11. A method of disposing a tubular in a wellbore, comprising:
running the tubular into the wellbore, the tubular including a valve having a housing, a valve seat, a closing member for contact with the valve seat, a biasing member biasing the plunger into contact with the valve seat, and a retention assembly constructed and arranged to initially retain the valve in an open position against the biasing member;
permitting the tubular to fill with wellbore fluid during run-in;
deactivating the retention assembly with a predetermined fluid flow rate for a predetermined period of time, and
pumping a zonal isolation fluid through the tubular into an annular area defined between the outside of the tubular and a wall of the wellbore.
 1. Field of the Invention
 The present invention relates to a flow actuated valve for use in a wellbore. More particularly, the invention relates to a flow-actuated valve that is initially retained in an open position and is closeable with the application of fluid flow. More particularly still, the invention relates to a flow-actuated valve for use in float equipment to facilitate the injection of zonal isolation fluids into an annular area between a string of casing and a surrounding formation.
 2. Description of the Related Art
 Hydrocarbon wells are conventionally formed one section at a time. Typically, a first section of wellbore is drilled in the earth to a predetermined depth. Thereafter, that section is lined with a tubular string, or casing, to prevent cave-in. After the first section of the well is completed, another section of well is drilled and subsequently lined with its own string of tubulars, comprised of casing or liners. Each time a section of wellbore is completed and a section of tubulars is installed in the wellbore, the tubular is typically anchored into the wellbore through the use of wellbore zonal isolation fluids, i.e. cementing. Wellbore zonal isolation fluids includes, but not limited to, the injection of cement into an annular area formed between the exterior of the tubular string and the borehole in the earth therearound. Zonal isolation protects the integrity of the wellbore and is especially useful to prevent migration of hydrocarbons towards the surface of the well via the annulus.
 Zonal Isolation of strings of tubulars in a wellbore is well-known in the art. Typically, the zonal isolation fluid is initially inserted in the tubular, and then forced to the bottom of the well and up the annular area toward the surface. With the use of other fluids, a column of zonal isolation fluids can be forced down the tubular string and into the annulus, resulting in a completely isolated annulus and leaving only a small amount of zonal isolation fluid at the bottom of the borehole. The cured fluid is drillable and is easily destroyed by subsequent drilling to form the next section of wellbore.

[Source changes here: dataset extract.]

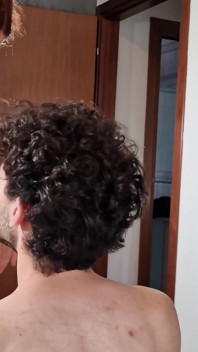 Una coppia italiana fa un casting con fucktotum che termina con un rapporto a tre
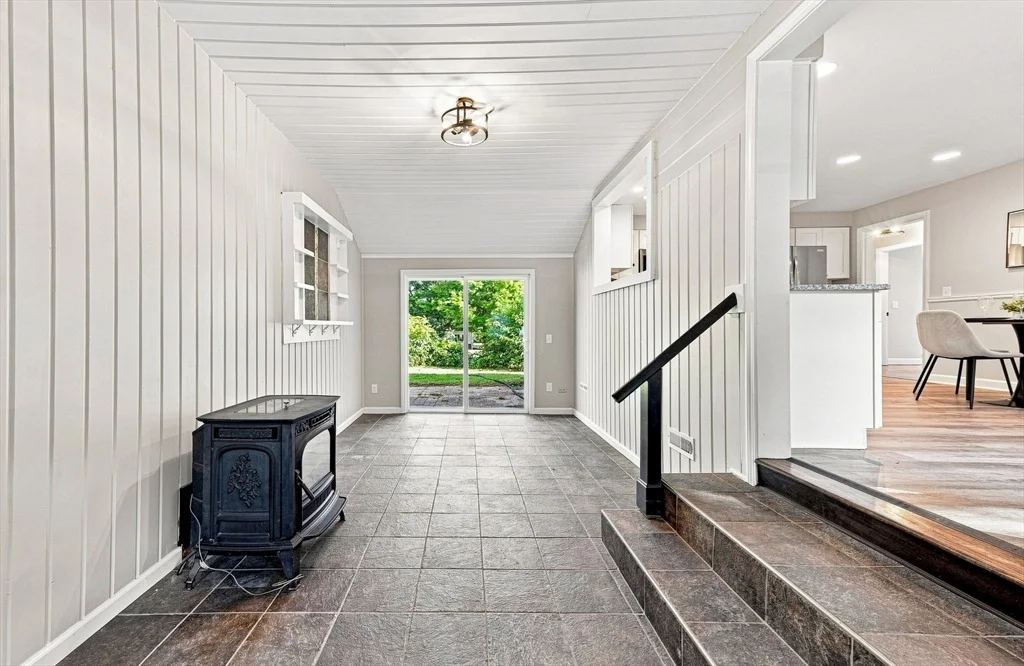 Photo of 3 Maplelawn Dr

 Float shoes and float collars facilitate zonal isolation procedures. In this specification, a float shoe is a valve-containing apparatus disposed at or near the lower end of the tubular string that is run into in a wellbore. A float collar is a valve-containing apparatus which is installed at some predetermined location, typically above a shoe within the tubular string. In certain cases, float collars are required rather than float shoes. However, in this specification, the term float shoe and float collar will be used interchangeably.
 The main purpose of a float shoe is to facilitate the passage of zonal isolation fluids from the tubular to the annulus of the well while preventing the zonal isolation fluids from returning or “u-tubing” back into the tubular due to gravity and fluid density of the liquid zonal isolation fluids. In its most basic form, the float shoe includes a one way valve permitting fluid to flow in one direction through the valve, but preventing fluid from flowing back into the tubular from the opposite direction. The float shoes usually include a cone-shaped body to prevent binding of the tubular string during run-in.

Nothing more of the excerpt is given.